O Orooni surge da necessidade de se estabelecer um diálogo entre os jovens (abiãs, Iyaos) e os mais velhos (ebomis) do candomblé a fim de estimular novas práticas de convivência para além do intramuros religioso e sim para se espraiar por toda a sociedade.

O Projeto consiste em encontros bimensais onde ocorrem diálogos que proporcionam troca de saberes, olhares,  ensinamentos e de conhecimentos baseados na tradição oral dos religiosos de matrizes africanas de gerações diferentes tendo como objetivo o aprender com os mais velhos e adaptar as antigas, históricas e importantes estratégias de combate a intolerância, racismo e ao ódio religioso às tecnologias atuais tanto de mídia social, como de um novo fazer político para além das comunidades e povos tradicionais de terreiros e desse modo estabelecer um olhar com pertinência e em sintonia com a tradição, ao tempo que se eleva os olhares assim como petições, ofícios, contestações e mobilizações para as instâncias dos poderes executivo, legislativo e judiciário buscando conter o conservadorismo que vem crescendo nesses espaços ao tempo que elencando as garantias constitucionais estabelecidas na nossa Carta Magna de 1988.

O CEN – Coletivo de Entidades Negras e a Associação Obatalandê, e o Ilê Axé Abassá de Ogum, junto a casas de candomblé das nações Ketu, Angola e Gêge constituiu um campo de atuação que ao fim e a cabo reuniu jovens de candomblé de municípios diversos para fazer uma leitura atualizada do momento pelo qual estamos vivendo e encaminhar aos poderes instituídos propostas que nos conduzam a uma sociedade fraterna e de respeito mútuo.

Vivemos um momento particular da história democrática do Brasil. Momento em que se por um lado avançamos no sentido das políticas públicas de inclusão, redução da miséria, fortalecimento das instituições públicas e de reconhecimento internacional, mas que por outro lado somos ameaçados com ideologias medievais de cerceamento da liberdade humana, discriminação racial e incentivo ao ódio religioso estimulando a violência contra os movimentos sociais através das constantes investidas de grupos, corporações e indivíduos que diariamente atentam contra a democracia, a liberdade e aos direitos humanos. No próprio Congresso Nacional, declarações racistas e homofóbicas do Deputado Marcos Feliciano, à época presidente da Comissão de Direitos Humanos da Câmara dos Deputados, assim como as diversas indicações parlamentares propondo o fim dos rituais nas religiões de Matriz africanas e a proibição da prática da Capoeira Angola no Brasil apontaram para uma necessidade urgente de reorganização e ampliação do debate sobre as estratégias a serem adotadas no sentido de preservar nossa identidade e assegurar nossos direitos de cidadãos garantidos na constituição.

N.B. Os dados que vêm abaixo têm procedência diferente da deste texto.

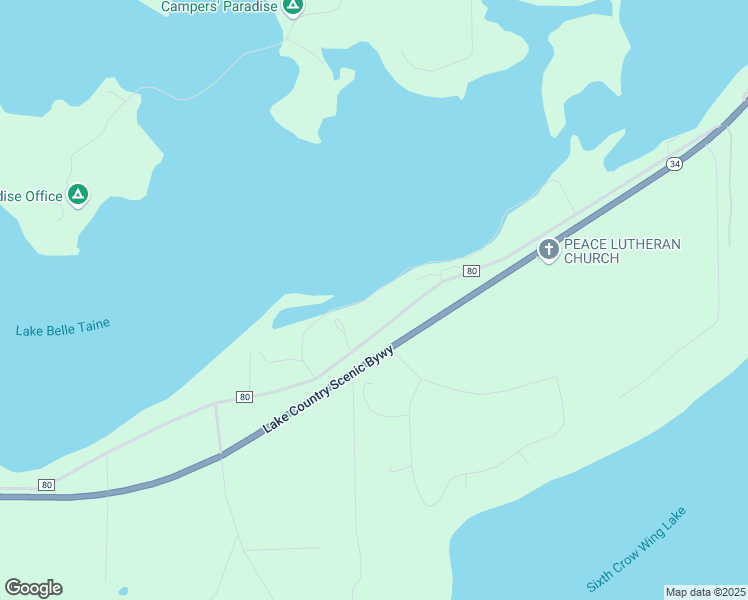 map of restaurants, bars, coffee shops, grocery stores, and more near 23760 County 80 in Nevis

Dessa feita o Orooni se constituiu como esse espaço de debates e reflexões entre as Comunidades Tradicionais de Terreiros e os campos políticos sociais afim de estabelecer estratégias de resistência contra o racismo religioso, o machismo, a misoginia, o genocídio da juventude negra  e a homolesbobitransfobia, além de declarar a sociedade quais os posicionamentos da nossa religião no que diz respeito ao aborto, a vida após a morte, a importância das águas, a crise do capital e a importância de se respeitar e valorizar o meio ambiente.